# 94' Nissan Bluebird SSS (Aussie)



## serkz (Sep 30, 2005)

Here are a few pics of my sss.. enjoy


----------



## b14sleeper (Dec 31, 2004)

nice and clean... i like it


----------



## StevenLK (Jul 15, 2002)

pretty cleean. nice .. i wish i had a RHD.


----------



## serkz (Sep 30, 2005)

Thanx ppl 

Heres a few more...


----------



## b14sleeper (Dec 31, 2004)

i like the drop, also you should get some red/clear lights... they will look good on your car.


----------



## serkz (Sep 30, 2005)

b14sleeper said:


> i like the drop, also you should get some red/clear lights... they will look good on your car.

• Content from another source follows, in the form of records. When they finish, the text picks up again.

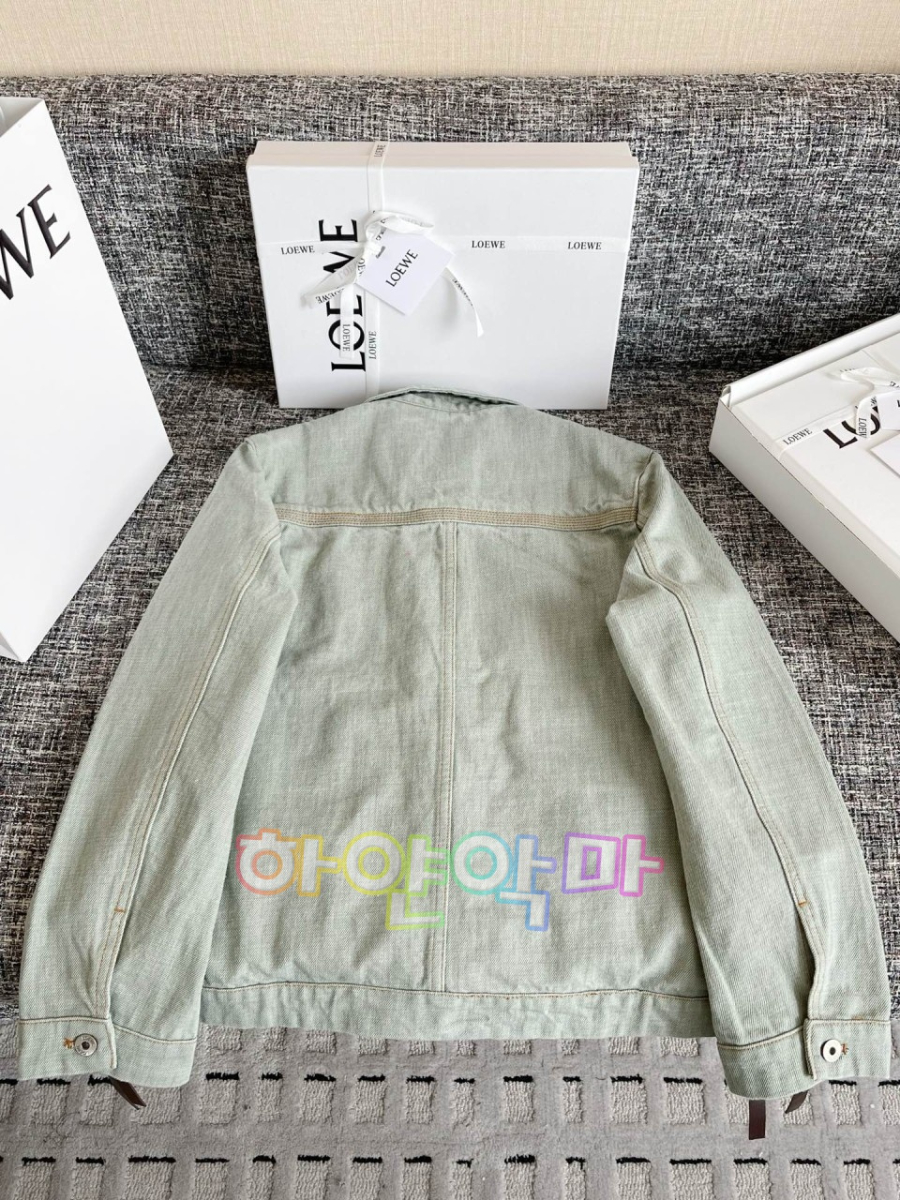 하얀악마 로에베 청자켓 (21).jpg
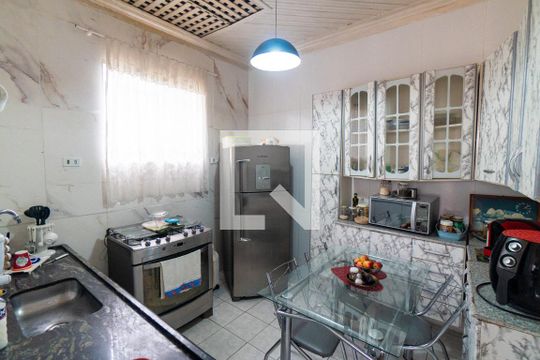 Cozinha de casa à venda com 1 quarto, 140m² em Vila da Saúde, São Paulo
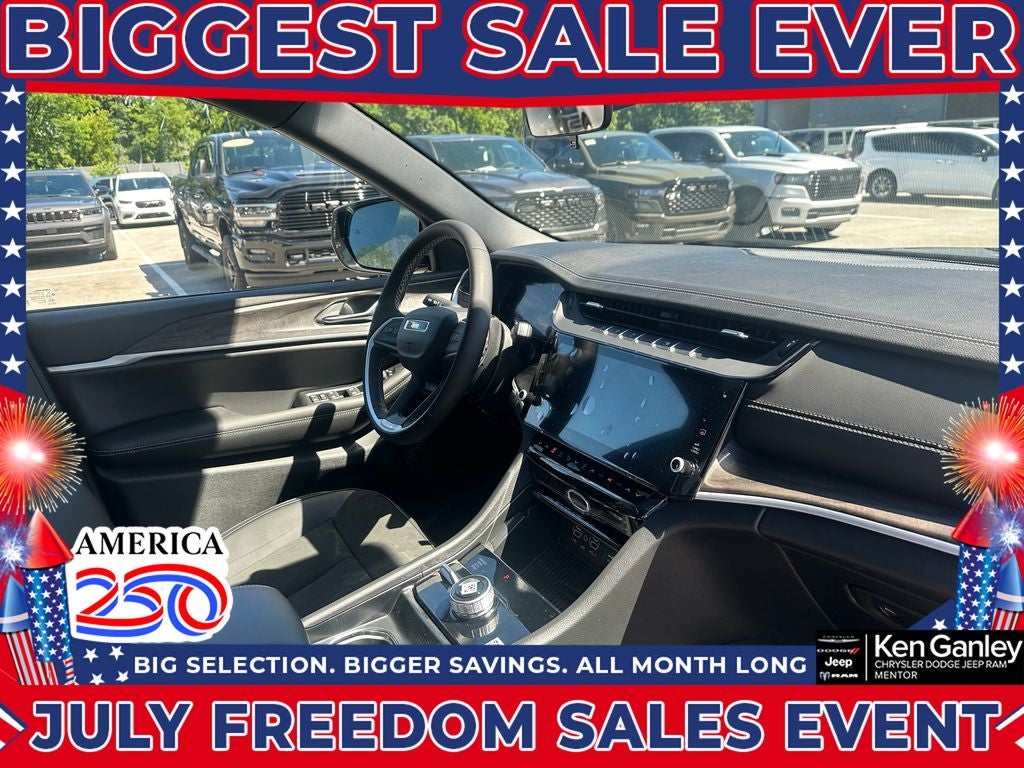 2026 Jeep Grand Cherokee GRAND CHEROKEE L LAREDO ALTITUDE 4X4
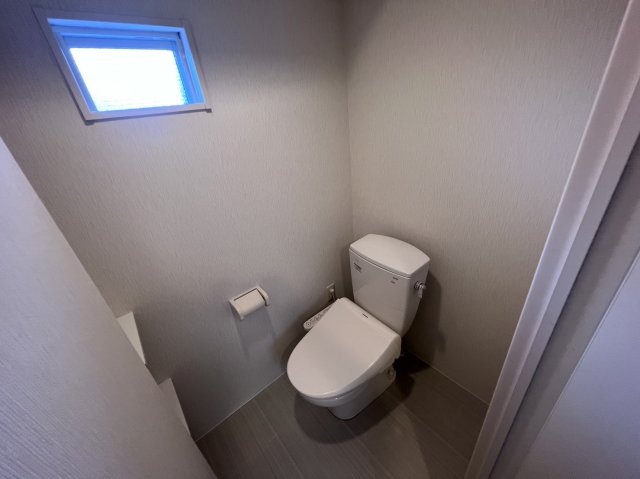 大阪府大阪市北区大淀中５丁目 402トイレ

Yeah I agree... could look at doing that in the near future, I'm going hunting for a wrx bonnet scoop for it next week


----------



## himilefrontier (Jan 21, 2003)

WHat engine is in it? Is it a KA24DE? For some reason , I thought the Bluebird SSS had the SR20DET in it.


----------



## mzanubis (Feb 19, 2003)

himilefrontier said:


> WHat engine is in it? Is it a KA24DE? For some reason , I thought the Bluebird SSS had the SR20DET in it.


bluebirds do have SR20's in them, but that seriously looks like KA to me too.


----------



## serkz (Sep 30, 2005)

Yeah the Australian made bluebird's come with KA24DE engines


----------